Japanese markets were closed today, but the yen's strength has continued. The dollar traded below JPY107 for the first time since October 2014. The JPY106.60 area may be the next technical target. The market may draw more cautious if the JPY105 level is approached as some observers tout intervention there, though we suspect that such claims mistakenly see BOJ action (that would be ordered by the MOF) as defending a fixed level.
The euro briefly poked through $1.14 for the first time since April 12. It has recorded a higher and a higher low now for the fourth consecutive session after holding above $1.12 at the start of the week.
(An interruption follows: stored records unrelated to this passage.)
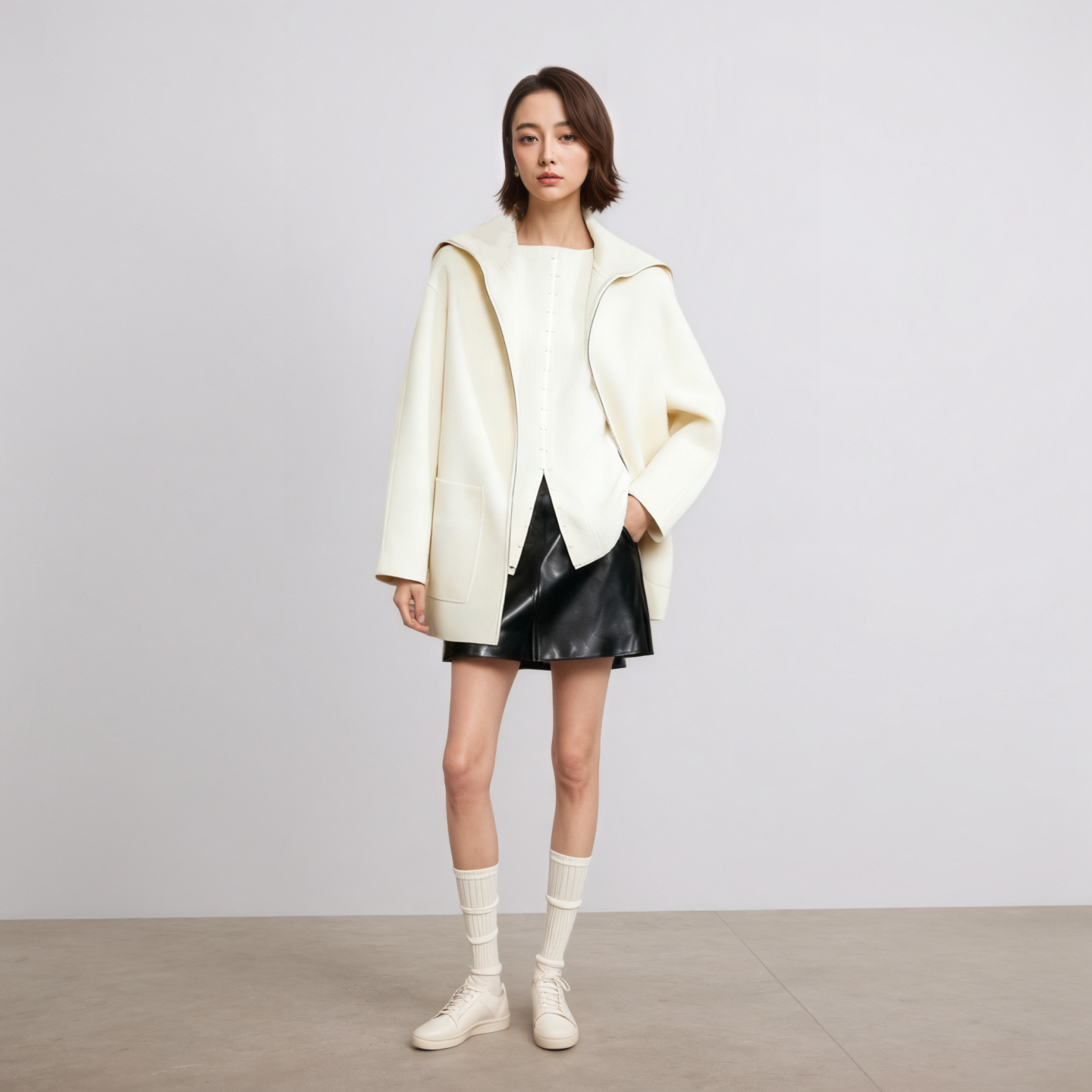 简约时髦 | 羊毛针织翻领中长款双面羊绒毛呢外套大衣女25冬廓形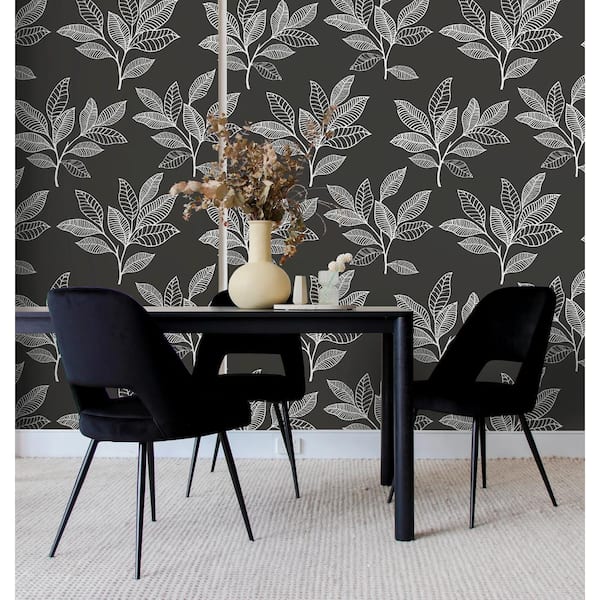 CASA MIA Casa Mia Dark Grey and White Stylized Leaves Vinyl Peel and Stick  Wallpaper Roll (Covers  sq. ft.) RM22224 - The Home Depot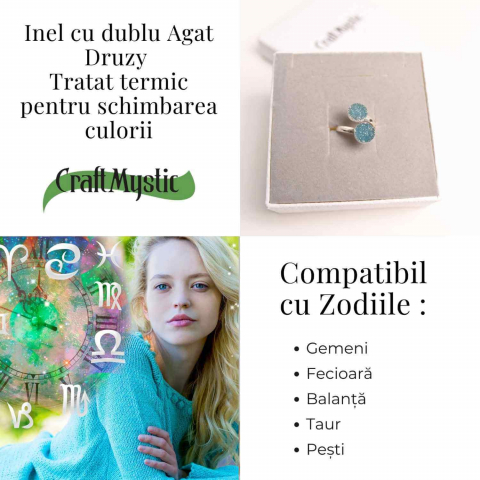 Inel Argintiu cu Dublu Agat Druzy – Energie si Eleganta Unica [3]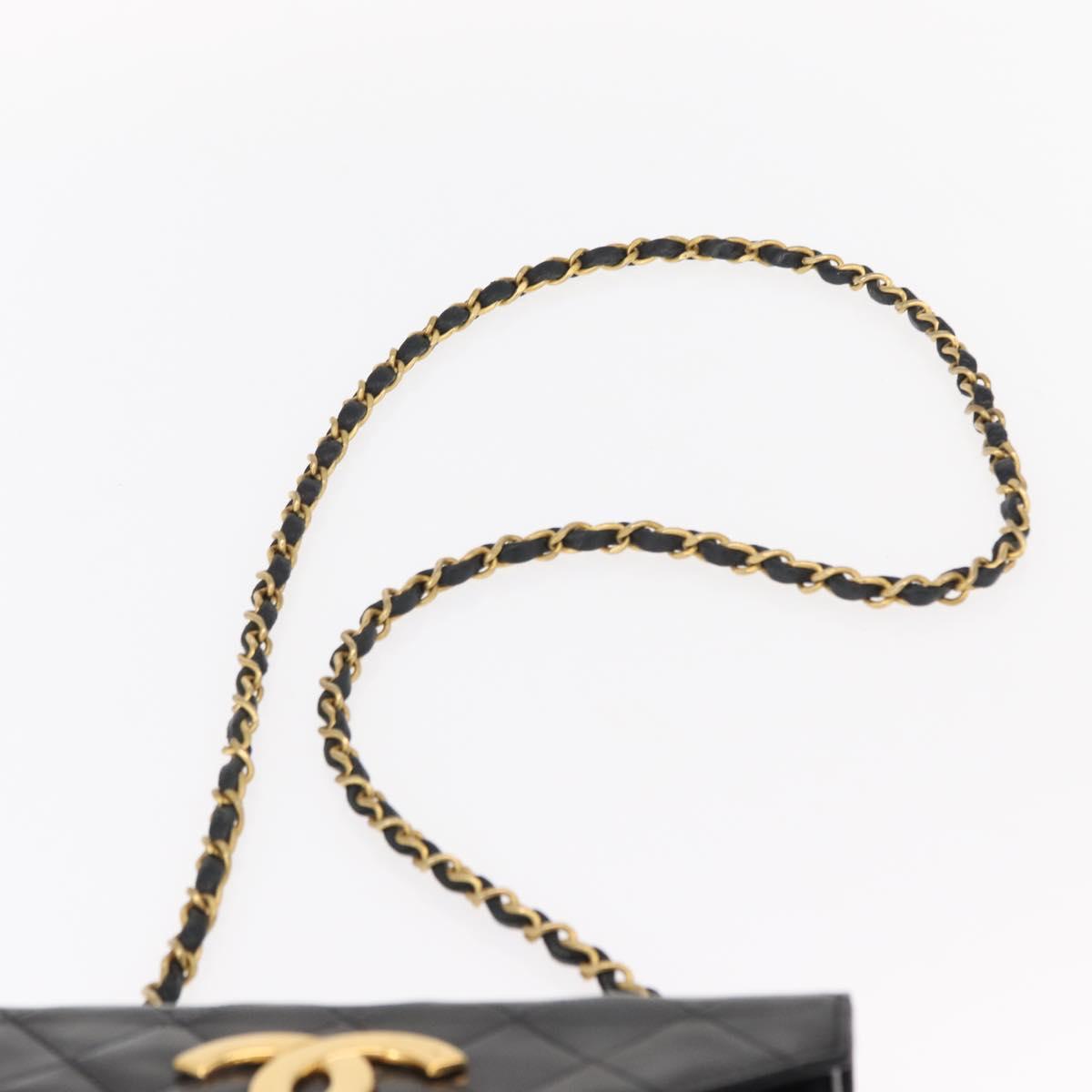 CHANEL Matelasse Chain Shoulder Bag Leather Black Gold CC Auth 156461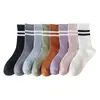 Calcetines Antideslizantes de Yoga para Mujer, Calcetines Rayados de Media Pantorrilla para Baile, Trampolín, Pilates, Fitness Deportivo con Absorción de Impactos para Interiores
The euro, then, was already bid before reporting stronger than expected Q1 GDP. The 0.6% quarter-over-quarter pace was above expectations and twice the pace of Q4 15. However, it was necessary to sustain the year-over-year pace of 1.6%.
We think that this is near trend growth for the eurozone. It is uneven, and it may be fragile, but its quarterly growth bests the US, UK and Japan (which may have contracted). Of note, France surprised on the upside with a 0.5% expansion, and Spain, despite the political morass that is leading do-over election in late-June, grew by 0.8%. Separately, the final April CPI reading showed a minus 0.2% headline year-over-year rate, which is a little worse than the flash reading, and is the third consecutive month with deflation. The core rate slipped to 0.8% from 1.0%.
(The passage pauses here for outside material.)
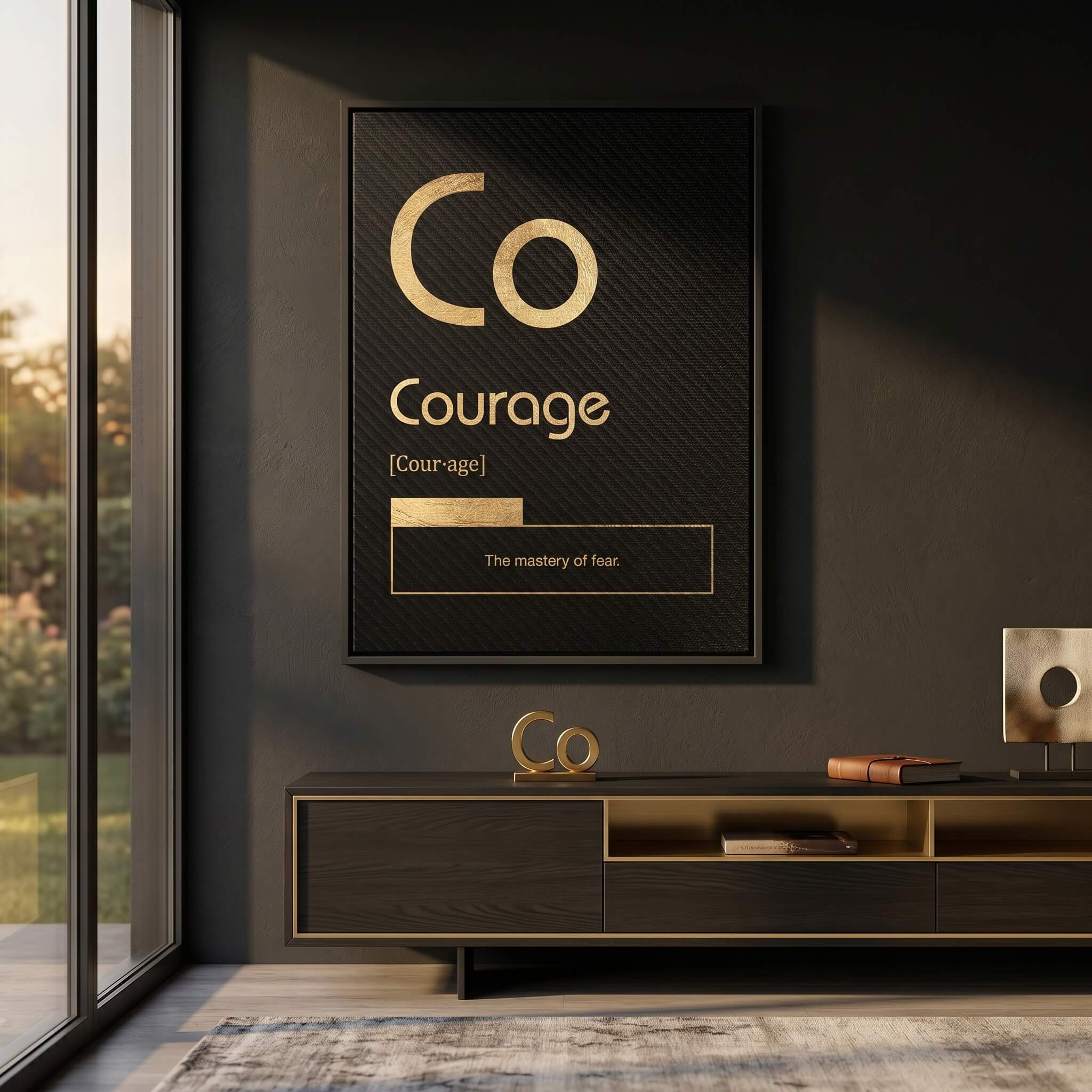 DOTCOMCANVAS® Courage (Co) Leinwandbild Version Schwarz – Raum-Mockup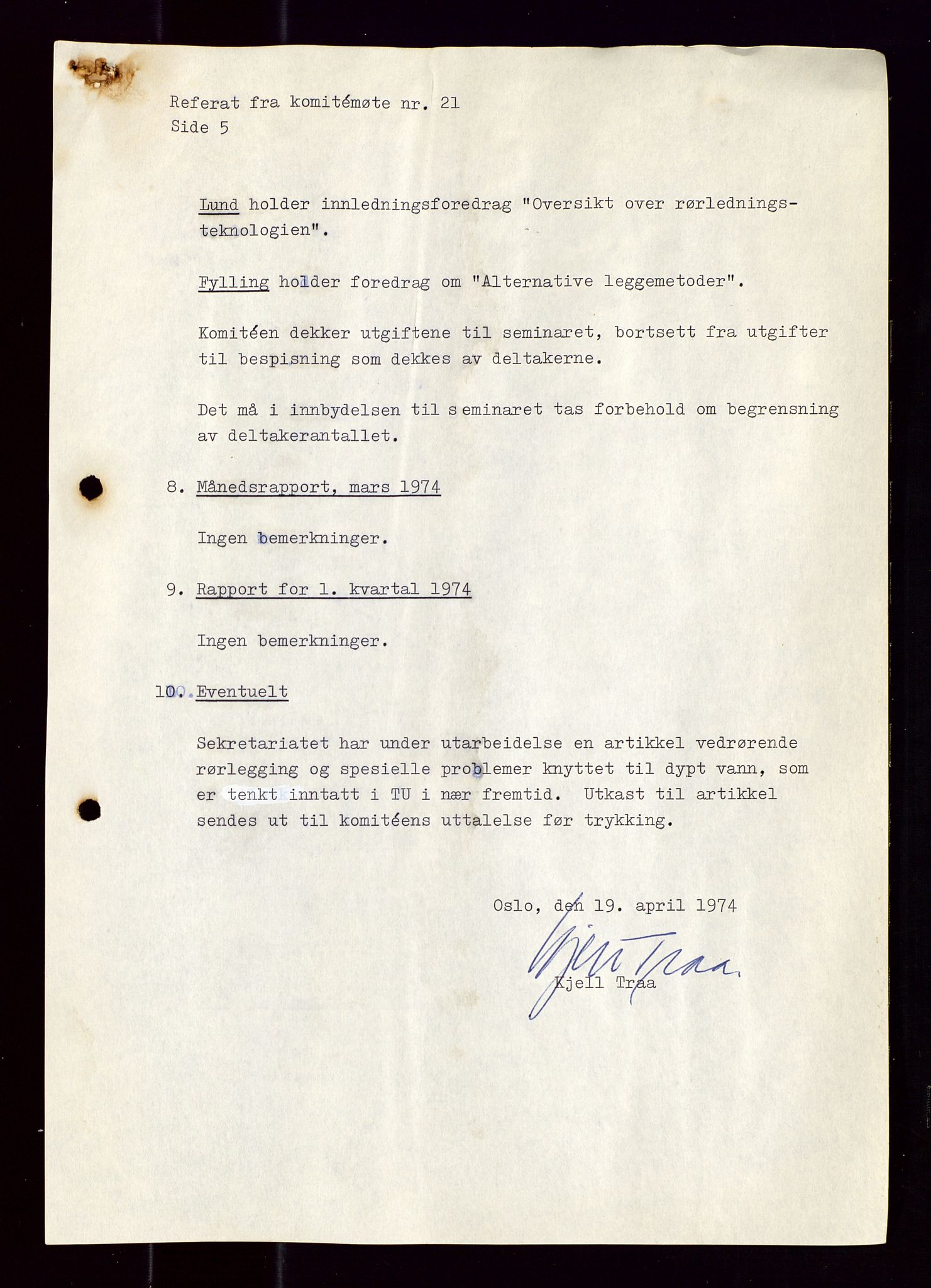 Industridepartementet, Oljekontoret, AV/SAST-A-101348/Di/L0001: DWP, møter juni - november, komiteemøter nr. 19 - 26, 1973-1974, p. 127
Germany is criticized by the EU, the ECB, the IMF and the United States for not bolstering domestic demand given its large current account surplus in excess of EC rules, given its low (mostly negative) interest rates, and the clear need to modernize its infrastructure. Today's data provides more fodder. Retail sales in March slumped 1.1%. The median estimate on Bloomberg was for a gain of 0.4%. The fact that the 0.4% decline in February was revised to flat is helpful, but the year-over-year pace of 0.7% is poor and more telling.
Given the market's mood, we see scope for only a modest pullback in the euro ahead of the weekend, and peg support near $1.1360. It takes a break of the $1.1325-$1.1335, coincidentally where the five and 20-day moving averages can be found, to be anything noteworthy.
Sterling is the laggard here today. It initially rallied to $1.4665, stopping just shy of the early February high, before reversing lower. Yesterday's low was near $1.4425, and a move below there would sour the technical tone.
Yesterday's Q1 US GDP steals much of the importance from today's report on March personal income and spending, though the core PCE deflator, the Fed's preferred inflation measures, will receive attention. It is expected to slip to 1.6% from 1.7%. The April Chicago PMI is seen as a help guide to the national reading out next week. It is expected to ease to 52.6 from 53.6. University of Michigan's consumer confidence's final reading may tick up, but the inflation expectations measures are more important. Canada reports February GDP. It may have fallen by 0.2%, leaving the year-over-year rate steady at 1.6%. The softer US dollar tone and the 20% rally in oil this month are helping the Canadian dollar extend its recovery gains.